Мистер Браун посмотрел на Джона, и они словно обменялись какими-то сигналами. Мистер Браун повернулся ко мне… «Вы проводили раскопки в Аравии, – сказал мне Джон. – Интересное, наверно, дело. Я слышал, что у этих самых аравов бывают очень странные обычаи».
Нет никаких сомнений, он все знает. Джон каким-то образом умудрился рассказать ему об этом без слов.
По пути в город, проходя мимо школьного здания из красного кирпича, я заметил, что внутри в том, что несомненно было актовым залом, горит свет. Подойдя поближе, я увидел, что несколько горожан расхаживают внутри по пустому просторному залу. «Какая хорошая корова, не режь ее ни в коем случае!.. Сколькерых сегодня на тот свет отправили, Док?.. Прекрасная проповедь, Пастор!.. Поспешай, а не то ужин остынет!» – смеются и состязаются друг с другом в остроумии…
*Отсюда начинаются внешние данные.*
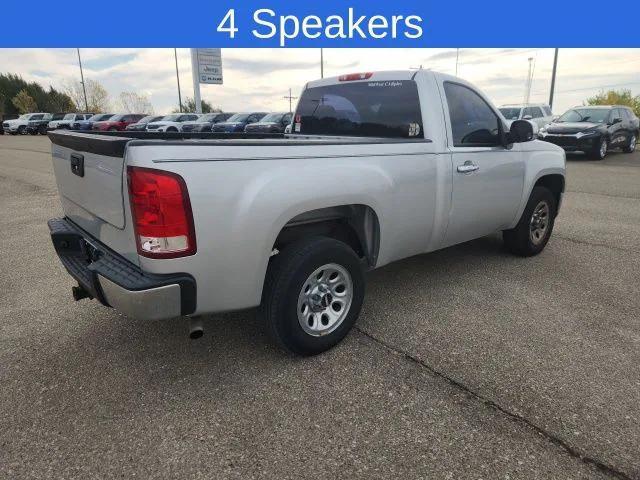 used 2012 GMC Sierra 1500 car, priced at $9,900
Весь этот город – сплошной фарс, чудовищная пародия на маленькие поселения подобного рода… но что таится за всем этим маскарадом?
20 СЕНТЯБРЯ 1908 г. Я проснулся утром с лихорадкой и жуткой головной болью. Приступ малярии скорее всего. Я оделся, весь дрожа и пылая, и поплелся в аптеку за хинином и лауданумом; вернувшись в комнату, я принял по солидной дозе того и другого. Затем лег на кровать и почувствовал, как облегчение растекается по моему пылающему мозгу. Наконец я заснул. Разбудил меня стук в двери. Это был шериф.